Because usury statutes are construed strictly, courts initially presume that a transaction is lawful unless usurious on its face. Pearcy Marine, Inc. v. Acadian Offshore Servs., Inc., 832 F.Supp. 192, 196 (S.D. Tex. 1993) (citing Tex. Comm. Bank-Arlington v. Goldring, 665 S.W.2d 103, 104 (Tex. 1984); Smart, 597 S.W.2d at 340-41). Facial usury exists where a contract makes “an express reservation of more than legal interest,” and the intent to do so is apparent. Luong v. Tran, 1995 WL 613062, at *3 (Tex. App. - Houston [14th Dist.] 1995, pet. denied) (quoting Moser v. John F. Buckner & Sons, 292 S.W.2d 668, 672 (Tex. Civ. App. - Waco 1956, writ ref'd n.r.e.)). A party asserting that an instrument is not facially usurious, but nevertheless is a device to conceal usury, bears the additional burden of alleging “a ‘corrupt agreement or scheme to cover usury and that such agreement or scheme was in full contemplation of the parties.' Najarro, 904 F.2d at 1008 (quoting Moss v. Met. Nat'l Bank, 533 S.W.2d 397, 399 (Tex. Civ. App. - Houston [1st Dist.] 1976, no writ)).

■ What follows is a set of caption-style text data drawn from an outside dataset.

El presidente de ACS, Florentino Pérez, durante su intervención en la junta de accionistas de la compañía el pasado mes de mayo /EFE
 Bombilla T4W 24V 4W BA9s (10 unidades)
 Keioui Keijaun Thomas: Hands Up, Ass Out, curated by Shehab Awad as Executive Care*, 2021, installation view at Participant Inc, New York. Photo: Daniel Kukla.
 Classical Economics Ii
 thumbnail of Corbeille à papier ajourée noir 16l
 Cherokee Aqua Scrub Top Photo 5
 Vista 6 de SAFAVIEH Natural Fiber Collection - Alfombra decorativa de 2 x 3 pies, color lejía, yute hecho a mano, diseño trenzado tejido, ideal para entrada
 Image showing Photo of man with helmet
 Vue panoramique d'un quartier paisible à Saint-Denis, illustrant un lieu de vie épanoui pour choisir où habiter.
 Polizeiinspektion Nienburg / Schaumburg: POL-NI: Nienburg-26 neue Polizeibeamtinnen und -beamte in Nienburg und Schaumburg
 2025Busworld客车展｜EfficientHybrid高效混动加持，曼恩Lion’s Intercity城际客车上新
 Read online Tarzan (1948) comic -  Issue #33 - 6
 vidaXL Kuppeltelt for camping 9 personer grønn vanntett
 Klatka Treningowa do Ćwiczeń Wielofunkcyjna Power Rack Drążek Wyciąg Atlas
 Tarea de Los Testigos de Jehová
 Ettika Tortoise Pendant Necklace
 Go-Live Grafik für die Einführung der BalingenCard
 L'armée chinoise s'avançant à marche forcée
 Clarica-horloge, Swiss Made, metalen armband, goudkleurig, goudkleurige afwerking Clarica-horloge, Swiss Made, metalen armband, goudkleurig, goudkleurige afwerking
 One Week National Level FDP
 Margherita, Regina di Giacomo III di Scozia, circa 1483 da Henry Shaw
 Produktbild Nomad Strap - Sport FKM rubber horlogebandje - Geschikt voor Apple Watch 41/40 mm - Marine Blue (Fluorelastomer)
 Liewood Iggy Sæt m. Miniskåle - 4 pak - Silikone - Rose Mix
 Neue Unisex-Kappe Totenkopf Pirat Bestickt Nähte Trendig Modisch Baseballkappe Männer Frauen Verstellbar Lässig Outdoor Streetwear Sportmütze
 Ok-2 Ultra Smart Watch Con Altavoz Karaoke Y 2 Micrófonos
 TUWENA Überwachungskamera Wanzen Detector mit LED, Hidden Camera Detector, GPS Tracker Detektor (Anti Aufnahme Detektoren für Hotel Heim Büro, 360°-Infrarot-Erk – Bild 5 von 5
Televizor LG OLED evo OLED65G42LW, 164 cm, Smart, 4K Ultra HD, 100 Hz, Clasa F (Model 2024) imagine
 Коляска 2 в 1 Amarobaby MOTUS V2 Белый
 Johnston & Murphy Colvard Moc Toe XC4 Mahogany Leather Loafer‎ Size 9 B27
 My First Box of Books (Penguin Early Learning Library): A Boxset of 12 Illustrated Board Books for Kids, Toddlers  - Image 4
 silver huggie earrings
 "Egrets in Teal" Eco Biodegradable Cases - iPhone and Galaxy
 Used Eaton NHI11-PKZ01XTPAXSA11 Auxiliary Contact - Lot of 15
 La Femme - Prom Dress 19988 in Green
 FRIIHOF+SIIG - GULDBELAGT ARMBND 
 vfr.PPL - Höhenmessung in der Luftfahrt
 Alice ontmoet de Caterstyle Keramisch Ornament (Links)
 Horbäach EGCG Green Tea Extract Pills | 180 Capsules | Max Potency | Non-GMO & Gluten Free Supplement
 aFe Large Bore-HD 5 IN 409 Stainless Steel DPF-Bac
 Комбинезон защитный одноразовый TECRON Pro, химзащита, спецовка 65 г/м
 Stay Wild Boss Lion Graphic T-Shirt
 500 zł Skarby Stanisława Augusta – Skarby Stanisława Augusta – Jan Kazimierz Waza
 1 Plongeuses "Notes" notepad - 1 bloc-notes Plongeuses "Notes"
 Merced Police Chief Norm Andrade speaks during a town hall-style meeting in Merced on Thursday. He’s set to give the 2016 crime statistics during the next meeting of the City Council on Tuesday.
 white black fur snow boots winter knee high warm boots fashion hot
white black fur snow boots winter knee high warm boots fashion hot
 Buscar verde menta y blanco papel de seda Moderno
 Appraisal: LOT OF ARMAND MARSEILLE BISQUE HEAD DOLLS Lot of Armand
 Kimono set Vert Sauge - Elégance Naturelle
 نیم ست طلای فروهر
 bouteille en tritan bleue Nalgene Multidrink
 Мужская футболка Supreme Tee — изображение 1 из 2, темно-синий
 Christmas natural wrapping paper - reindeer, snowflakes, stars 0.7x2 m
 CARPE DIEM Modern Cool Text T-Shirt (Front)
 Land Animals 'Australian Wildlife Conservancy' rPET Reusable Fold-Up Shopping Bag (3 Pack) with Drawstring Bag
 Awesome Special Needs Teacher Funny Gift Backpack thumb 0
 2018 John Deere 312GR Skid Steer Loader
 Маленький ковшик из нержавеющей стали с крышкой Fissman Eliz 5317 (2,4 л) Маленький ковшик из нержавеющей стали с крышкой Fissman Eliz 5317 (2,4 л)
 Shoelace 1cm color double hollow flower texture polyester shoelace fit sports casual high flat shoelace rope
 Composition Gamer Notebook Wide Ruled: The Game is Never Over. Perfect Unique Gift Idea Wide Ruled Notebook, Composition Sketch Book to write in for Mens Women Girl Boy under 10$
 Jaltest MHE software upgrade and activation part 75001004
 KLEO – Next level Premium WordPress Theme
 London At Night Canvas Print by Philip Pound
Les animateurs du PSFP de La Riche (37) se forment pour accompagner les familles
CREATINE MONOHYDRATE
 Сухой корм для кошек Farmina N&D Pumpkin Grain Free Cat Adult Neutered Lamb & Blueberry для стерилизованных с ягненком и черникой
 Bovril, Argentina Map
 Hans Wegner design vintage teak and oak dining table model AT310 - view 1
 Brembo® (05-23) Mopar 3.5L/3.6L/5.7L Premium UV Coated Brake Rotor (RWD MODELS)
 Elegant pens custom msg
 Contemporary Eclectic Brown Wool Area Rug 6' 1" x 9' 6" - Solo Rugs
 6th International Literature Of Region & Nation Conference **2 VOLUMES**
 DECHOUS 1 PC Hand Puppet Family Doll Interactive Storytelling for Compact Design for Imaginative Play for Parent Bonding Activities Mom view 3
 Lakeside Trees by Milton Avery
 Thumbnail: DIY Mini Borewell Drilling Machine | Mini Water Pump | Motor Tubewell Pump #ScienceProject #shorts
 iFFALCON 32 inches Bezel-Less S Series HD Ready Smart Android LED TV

III. The Court Denies the Motion for Reconsideration
A. Legal Standard

A request that the Court reconsider an interlocutory order is governed by Rule 54(b) of the Federal Rules of Civil Procedure, which allows “the district court to revise at any time any order or other decision that does not end the action.” Austin v. Kroger Tex., L.P., 864 F.3d 326, 336 (5th Cir. 2017). The standard for Rule 54(b) is more lenient than those of Rules 59(e) and 60(b), which govern reconsideration of final judgments. See Ryan v. Phillips 66, 838 Fed.Appx. 832, 836 (5th Cir. 2020) (citing McClendon v. United States, 892 F.3d 775, 781 (5th Cir. 2018)). Under Rule 54(b), the Court may “reconsider and reverse its decision for any reason it deems sufficient.” Austin, 864 F.3d at 336 (internal quotations and citations omitted).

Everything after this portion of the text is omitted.